Desde los primeros compases de su mandato, el presidente Bush dejó bien sentado que la protección del medio ambiente no figuraba precisamente entre sus prioridades. Su rechazo a suscribir el Protocolo de Kioto -especialmente significativo si se tiene en cuenta que USA es el país más contaminante del planeta-, antecedió a un aberrante proyecto, afortunadamente abortado, de explotación de yacimientos petrolíferos en el parque nacional ártico de Alaska, y en la costa californiana. Con el paso del tiempo, el Gobierno norteamericano ha ido perseverando en su escaso respeto a la legislación medioambiental, especialmente cuando cualquier medida proteccionista ha entrado en colisión con los intereses de la gran industria.
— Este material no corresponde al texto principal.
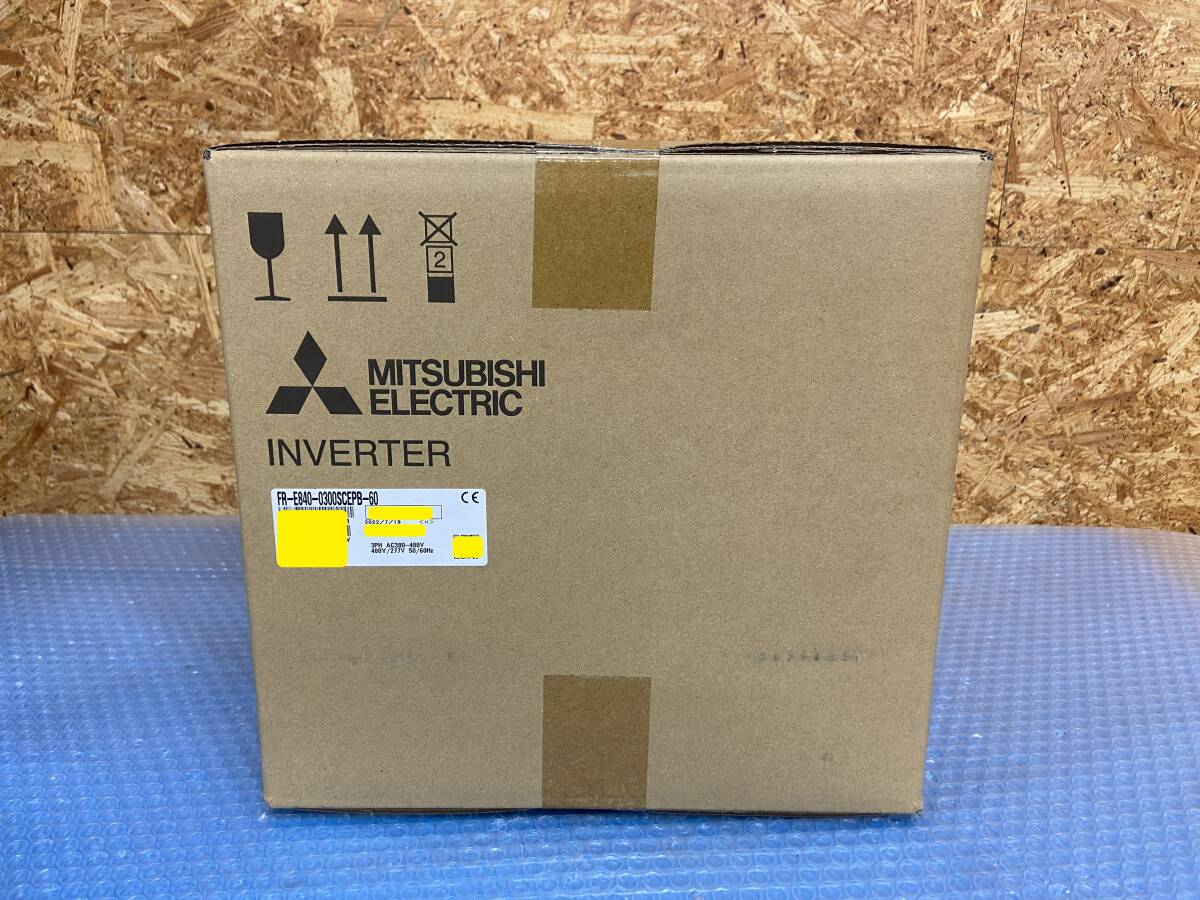 Mitsubishi Electric FR-E840-0300SCEPB-60 Inverter [u1147521703]
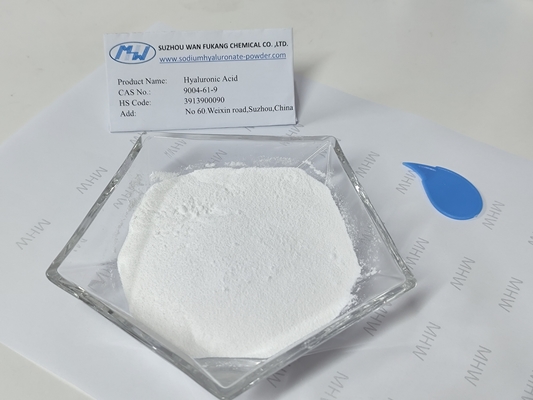 Hochreine kosmetische Hyaluronsäure-Pulver für Augencreme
Consecuentemente, a nadie puede sorprender que ahora llegue desde la Casa Blanca un proyecto de orden administrativa que permitirá a las grandes compañías aumentar sus emisiones contaminantes. La orden dejaría sin efecto una ley aprobada en 1977 que obligaba a instalar sistemas contra la contaminación ambiental en las factorías que se ampliaran o modernizaran. Bush ha optado por dejar un margen amplísimo a la industria, en el sentido de que estarían exentas de instalar sistemas anticontaminantes las plantas industriales que acometan una reforma cuyo coste no supere el 20% del valor total de las mismas. Dicho de otra forma, las leyes proteccionistas en vigor quedarían prácticamente en papel mojado, suponiendo una apabullante «victoria» para las grandes compañías eléctricas, petroleras y, en general, para el conjunto de la industria pesada. Reconocido que la mencionada orden no debe seguir un trámite parlamentario, la única forma de evitar su aprobación es la acción judicial, campo en el que ya se han dado algunos pasos. Es de esperar que la oposición al proyecto de Bush prospere y que se frustre una política que parece encaminada a ennegrecer el aire americano y por extensión, el de todos.